Would you reproduce the entries exactly, including every line?

Records contained in a dataset
----------------------------------------
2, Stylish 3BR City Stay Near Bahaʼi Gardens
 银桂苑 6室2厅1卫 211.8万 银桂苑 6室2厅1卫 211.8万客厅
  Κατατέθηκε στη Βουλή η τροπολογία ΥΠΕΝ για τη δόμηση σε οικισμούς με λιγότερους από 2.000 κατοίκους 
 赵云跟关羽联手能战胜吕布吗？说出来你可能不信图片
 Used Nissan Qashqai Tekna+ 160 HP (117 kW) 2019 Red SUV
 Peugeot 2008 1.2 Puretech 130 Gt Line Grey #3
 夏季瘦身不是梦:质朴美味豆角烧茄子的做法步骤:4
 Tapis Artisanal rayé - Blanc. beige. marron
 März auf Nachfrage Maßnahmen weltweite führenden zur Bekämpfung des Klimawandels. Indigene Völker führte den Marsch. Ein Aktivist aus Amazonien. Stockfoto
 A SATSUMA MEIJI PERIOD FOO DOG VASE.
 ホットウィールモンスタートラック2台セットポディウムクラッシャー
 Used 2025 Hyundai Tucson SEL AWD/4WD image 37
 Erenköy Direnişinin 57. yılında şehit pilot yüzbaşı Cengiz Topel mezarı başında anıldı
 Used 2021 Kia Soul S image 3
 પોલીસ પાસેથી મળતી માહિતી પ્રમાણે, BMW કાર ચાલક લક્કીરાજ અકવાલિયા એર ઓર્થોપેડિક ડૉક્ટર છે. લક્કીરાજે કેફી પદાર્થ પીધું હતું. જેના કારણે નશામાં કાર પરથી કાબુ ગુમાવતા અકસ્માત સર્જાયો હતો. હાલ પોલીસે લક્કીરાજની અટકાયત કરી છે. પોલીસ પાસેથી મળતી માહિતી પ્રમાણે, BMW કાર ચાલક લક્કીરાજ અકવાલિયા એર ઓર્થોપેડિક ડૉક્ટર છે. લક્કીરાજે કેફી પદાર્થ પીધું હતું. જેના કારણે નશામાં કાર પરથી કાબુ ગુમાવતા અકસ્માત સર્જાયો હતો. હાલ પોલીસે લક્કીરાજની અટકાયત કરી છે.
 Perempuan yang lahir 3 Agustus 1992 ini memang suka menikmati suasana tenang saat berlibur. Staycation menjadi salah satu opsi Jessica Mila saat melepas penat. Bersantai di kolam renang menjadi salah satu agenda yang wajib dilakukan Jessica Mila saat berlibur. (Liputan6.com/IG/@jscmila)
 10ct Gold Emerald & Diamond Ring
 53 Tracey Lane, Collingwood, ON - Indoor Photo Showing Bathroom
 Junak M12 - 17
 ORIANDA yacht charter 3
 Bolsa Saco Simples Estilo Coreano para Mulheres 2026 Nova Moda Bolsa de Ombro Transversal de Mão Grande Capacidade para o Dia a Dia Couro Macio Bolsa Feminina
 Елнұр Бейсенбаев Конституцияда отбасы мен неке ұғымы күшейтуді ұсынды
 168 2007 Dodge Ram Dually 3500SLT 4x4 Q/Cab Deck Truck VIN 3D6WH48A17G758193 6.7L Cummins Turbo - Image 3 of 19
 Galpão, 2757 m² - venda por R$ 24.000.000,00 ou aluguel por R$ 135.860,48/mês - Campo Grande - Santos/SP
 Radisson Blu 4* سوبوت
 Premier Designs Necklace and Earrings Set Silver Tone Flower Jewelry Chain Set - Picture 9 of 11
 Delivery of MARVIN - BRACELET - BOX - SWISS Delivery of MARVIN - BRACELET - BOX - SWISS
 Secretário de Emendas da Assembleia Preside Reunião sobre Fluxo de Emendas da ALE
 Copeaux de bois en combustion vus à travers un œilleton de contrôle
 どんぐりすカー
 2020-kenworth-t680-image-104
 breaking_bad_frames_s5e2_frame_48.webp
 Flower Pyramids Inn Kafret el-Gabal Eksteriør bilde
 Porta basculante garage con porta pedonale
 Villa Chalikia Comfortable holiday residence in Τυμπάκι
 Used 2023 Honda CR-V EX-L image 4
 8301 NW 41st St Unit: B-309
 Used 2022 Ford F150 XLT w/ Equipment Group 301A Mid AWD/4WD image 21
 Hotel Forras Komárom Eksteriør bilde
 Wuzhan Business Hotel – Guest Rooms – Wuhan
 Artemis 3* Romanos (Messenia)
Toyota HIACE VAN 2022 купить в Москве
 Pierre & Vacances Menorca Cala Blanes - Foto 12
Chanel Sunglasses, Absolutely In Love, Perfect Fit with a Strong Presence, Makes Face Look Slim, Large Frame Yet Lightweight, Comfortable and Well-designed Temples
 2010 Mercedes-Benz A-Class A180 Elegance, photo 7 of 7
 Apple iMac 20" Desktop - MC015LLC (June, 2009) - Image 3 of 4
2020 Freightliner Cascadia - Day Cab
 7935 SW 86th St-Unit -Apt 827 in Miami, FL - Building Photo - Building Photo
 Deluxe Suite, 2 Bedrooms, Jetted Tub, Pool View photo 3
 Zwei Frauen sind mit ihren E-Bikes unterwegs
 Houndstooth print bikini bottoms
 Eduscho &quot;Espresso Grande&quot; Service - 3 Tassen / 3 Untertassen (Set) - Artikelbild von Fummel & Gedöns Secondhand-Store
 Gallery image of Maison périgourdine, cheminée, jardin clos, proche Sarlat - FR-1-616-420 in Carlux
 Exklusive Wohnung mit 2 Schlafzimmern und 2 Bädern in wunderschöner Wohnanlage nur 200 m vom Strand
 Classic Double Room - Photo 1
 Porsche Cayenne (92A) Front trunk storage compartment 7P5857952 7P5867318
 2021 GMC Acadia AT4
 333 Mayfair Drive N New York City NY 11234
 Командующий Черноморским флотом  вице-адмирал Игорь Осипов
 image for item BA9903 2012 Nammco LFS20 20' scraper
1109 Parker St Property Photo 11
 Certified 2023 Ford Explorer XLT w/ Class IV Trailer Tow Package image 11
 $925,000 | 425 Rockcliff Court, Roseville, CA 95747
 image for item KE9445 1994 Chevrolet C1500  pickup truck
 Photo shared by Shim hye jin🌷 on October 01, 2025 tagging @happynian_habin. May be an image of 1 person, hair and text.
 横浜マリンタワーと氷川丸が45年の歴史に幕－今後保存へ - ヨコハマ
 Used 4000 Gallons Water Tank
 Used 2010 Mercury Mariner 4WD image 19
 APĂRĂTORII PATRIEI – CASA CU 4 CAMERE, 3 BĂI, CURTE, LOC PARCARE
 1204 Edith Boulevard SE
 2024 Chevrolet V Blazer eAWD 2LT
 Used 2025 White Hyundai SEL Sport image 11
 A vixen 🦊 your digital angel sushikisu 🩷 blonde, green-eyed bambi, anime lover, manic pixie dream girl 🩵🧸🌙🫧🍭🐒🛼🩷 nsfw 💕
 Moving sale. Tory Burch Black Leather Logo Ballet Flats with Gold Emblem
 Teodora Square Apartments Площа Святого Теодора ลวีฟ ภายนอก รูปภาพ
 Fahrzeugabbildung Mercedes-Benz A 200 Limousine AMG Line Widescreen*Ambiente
----------------------------------------
__Result for this exercise__.
2, Stylish 3BR City Stay Near Bahaʼi Gardens
 银桂苑 6室2厅1卫 211.8万 银桂苑 6室2厅1卫 211.8万客厅
  Κατατέθηκε στη Βουλή η τροπολογία ΥΠΕΝ για τη δόμηση σε οικισμούς με λιγότερους από 2.000 κατοίκους 
 赵云跟关羽联手能战胜吕布吗？说出来你可能不信图片
 Used Nissan Qashqai Tekna+ 160 HP (117 kW) 2019 Red SUV
 Peugeot 2008 1.2 Puretech 130 Gt Line Grey #3
 夏季瘦身不是梦:质朴美味豆角烧茄子的做法步骤:4
 Tapis Artisanal rayé - Blanc. beige. marron
 März auf Nachfrage Maßnahmen weltweite führenden zur Bekämpfung des Klimawandels. Indigene Völker führte den Marsch. Ein Aktivist aus Amazonien. Stockfoto
 A SATSUMA MEIJI PERIOD FOO DOG VASE.
 ホットウィールモンスタートラック2台セットポディウムクラッシャー
 Used 2025 Hyundai Tucson SEL AWD/4WD image 37
 Erenköy Direnişinin 57. yılında şehit pilot yüzbaşı Cengiz Topel mezarı başında anıldı
 Used 2021 Kia Soul S image 3
 પોલીસ પાસેથી મળતી માહિતી પ્રમાણે, BMW કાર ચાલક લક્કીરાજ અકવાલિયા એર ઓર્થોપેડિક ડૉક્ટર છે. લક્કીરાજે કેફી પદાર્થ પીધું હતું. જેના કારણે નશામાં કાર પરથી કાબુ ગુમાવતા અકસ્માત સર્જાયો હતો. હાલ પોલીસે લક્કીરાજની અટકાયત કરી છે. પોલીસ પાસેથી મળતી માહિતી પ્રમાણે, BMW કાર ચાલક લક્કીરાજ અકવાલિયા એર ઓર્થોપેડિક ડૉક્ટર છે. લક્કીરાજે કેફી પદાર્થ પીધું હતું. જેના કારણે નશામાં કાર પરથી કાબુ ગુમાવતા અકસ્માત સર્જાયો હતો. હાલ પોલીસે લક્કીરાજની અટકાયત કરી છે.
 Perempuan yang lahir 3 Agustus 1992 ini memang suka menikmati suasana tenang saat berlibur. Staycation menjadi salah satu opsi Jessica Mila saat melepas penat. Bersantai di kolam renang menjadi salah satu agenda yang wajib dilakukan Jessica Mila saat berlibur. (Liputan6.com/IG/@jscmila)
 10ct Gold Emerald & Diamond Ring
 53 Tracey Lane, Collingwood, ON - Indoor Photo Showing Bathroom
 Junak M12 - 17
 ORIANDA yacht charter 3
 Bolsa Saco Simples Estilo Coreano para Mulheres 2026 Nova Moda Bolsa de Ombro Transversal de Mão Grande Capacidade para o Dia a Dia Couro Macio Bolsa Feminina
 Елнұр Бейсенбаев Конституцияда отбасы мен неке ұғымы күшейтуді ұсынды
 168 2007 Dodge Ram Dually 3500SLT 4x4 Q/Cab Deck Truck VIN 3D6WH48A17G758193 6.7L Cummins Turbo - Image 3 of 19
 Galpão, 2757 m² - venda por R$ 24.000.000,00 ou aluguel por R$ 135.860,48/mês - Campo Grande - Santos/SP
 Radisson Blu 4* سوبوت
 Premier Designs Necklace and Earrings Set Silver Tone Flower Jewelry Chain Set - Picture 9 of 11
 Delivery of MARVIN - BRACELET - BOX - SWISS Delivery of MARVIN - BRACELET - BOX - SWISS
 Secretário de Emendas da Assembleia Preside Reunião sobre Fluxo de Emendas da ALE
 Copeaux de bois en combustion vus à travers un œilleton de contrôle
 どんぐりすカー
 2020-kenworth-t680-image-104
 breaking_bad_frames_s5e2_frame_48.webp
 Flower Pyramids Inn Kafret el-Gabal Eksteriør bilde
 Porta basculante garage con porta pedonale
 Villa Chalikia Comfortable holiday residence in Τυμπάκι
 Used 2023 Honda CR-V EX-L image 4
 8301 NW 41st St Unit: B-309
 Used 2022 Ford F150 XLT w/ Equipment Group 301A Mid AWD/4WD image 21
 Hotel Forras Komárom Eksteriør bilde
 Wuzhan Business Hotel – Guest Rooms – Wuhan
 Artemis 3* Romanos (Messenia)
Toyota HIACE VAN 2022 купить в Москве
 Pierre & Vacances Menorca Cala Blanes - Foto 12
Chanel Sunglasses, Absolutely In Love, Perfect Fit with a Strong Presence, Makes Face Look Slim, Large Frame Yet Lightweight, Comfortable and Well-designed Temples
 2010 Mercedes-Benz A-Class A180 Elegance, photo 7 of 7
 Apple iMac 20" Desktop - MC015LLC (June, 2009) - Image 3 of 4
2020 Freightliner Cascadia - Day Cab
 7935 SW 86th St-Unit -Apt 827 in Miami, FL - Building Photo - Building Photo
 Deluxe Suite, 2 Bedrooms, Jetted Tub, Pool View photo 3
 Zwei Frauen sind mit ihren E-Bikes unterwegs
 Houndstooth print bikini bottoms
 Eduscho &quot;Espresso Grande&quot; Service - 3 Tassen / 3 Untertassen (Set) - Artikelbild von Fummel & Gedöns Secondhand-Store
 Gallery image of Maison périgourdine, cheminée, jardin clos, proche Sarlat - FR-1-616-420 in Carlux
 Exklusive Wohnung mit 2 Schlafzimmern und 2 Bädern in wunderschöner Wohnanlage nur 200 m vom Strand
 Classic Double Room - Photo 1
 Porsche Cayenne (92A) Front trunk storage compartment 7P5857952 7P5867318
 2021 GMC Acadia AT4
 333 Mayfair Drive N New York City NY 11234
 Командующий Черноморским флотом  вице-адмирал Игорь Осипов
 image for item BA9903 2012 Nammco LFS20 20' scraper
1109 Parker St Property Photo 11
 Certified 2023 Ford Explorer XLT w/ Class IV Trailer Tow Package image 11
 $925,000 | 425 Rockcliff Court, Roseville, CA 95747
 image for item KE9445 1994 Chevrolet C1500  pickup truck
 Photo shared by Shim hye jin🌷 on October 01, 2025 tagging @happynian_habin. May be an image of 1 person, hair and text.
 横浜マリンタワーと氷川丸が45年の歴史に幕－今後保存へ - ヨコハマ
 Used 4000 Gallons Water Tank
 Used 2010 Mercury Mariner 4WD image 19
 APĂRĂTORII PATRIEI – CASA CU 4 CAMERE, 3 BĂI, CURTE, LOC PARCARE
 1204 Edith Boulevard SE
 2024 Chevrolet V Blazer eAWD 2LT
 Used 2025 White Hyundai SEL Sport image 11
 A vixen 🦊 your digital angel sushikisu 🩷 blonde, green-eyed bambi, anime lover, manic pixie dream girl 🩵🧸🌙🫧🍭🐒🛼🩷 nsfw 💕
 Moving sale. Tory Burch Black Leather Logo Ballet Flats with Gold Emblem
 Teodora Square Apartments Площа Святого Теодора ลวีฟ ภายนอก รูปภาพ
 Fahrzeugabbildung Mercedes-Benz A 200 Limousine AMG Line Widescreen*Ambiente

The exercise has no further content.